> _Records provided_
○ ○ ○ ○ ○

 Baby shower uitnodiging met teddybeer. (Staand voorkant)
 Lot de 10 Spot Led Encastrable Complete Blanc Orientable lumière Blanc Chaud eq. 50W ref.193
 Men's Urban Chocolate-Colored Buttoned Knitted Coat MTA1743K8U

○ ○ ○ ○ ○

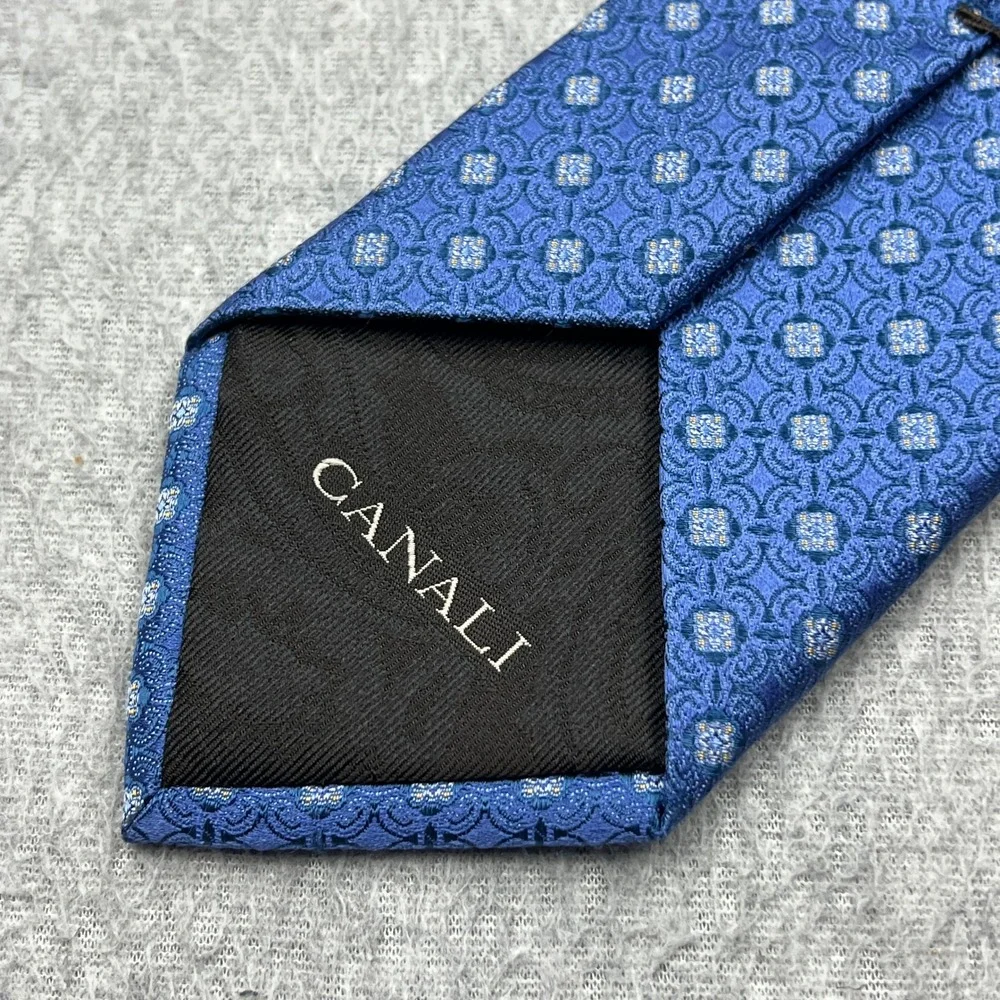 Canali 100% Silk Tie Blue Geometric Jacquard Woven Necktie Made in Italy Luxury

○ ○ ○ ○ ○

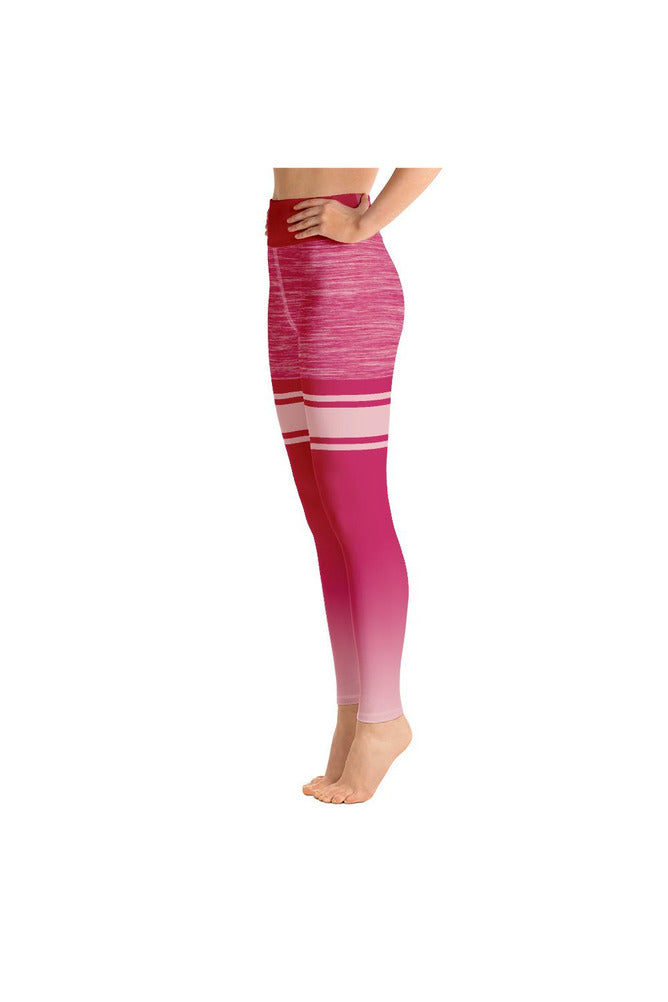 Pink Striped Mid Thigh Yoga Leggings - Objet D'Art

○ ○ ○ ○ ○

> _What to do_
Take the entries above and return only the lines from the one with "Lot de 10 Spot" to the one with "Men's Urban Chocolate-Colored", both included, unchanged.

> _Answer for the task_
 Lot de 10 Spot Led Encastrable Complete Blanc Orientable lumière Blanc Chaud eq. 50W ref.193
 Men's Urban Chocolate-Colored Buttoned Knitted Coat MTA1743K8U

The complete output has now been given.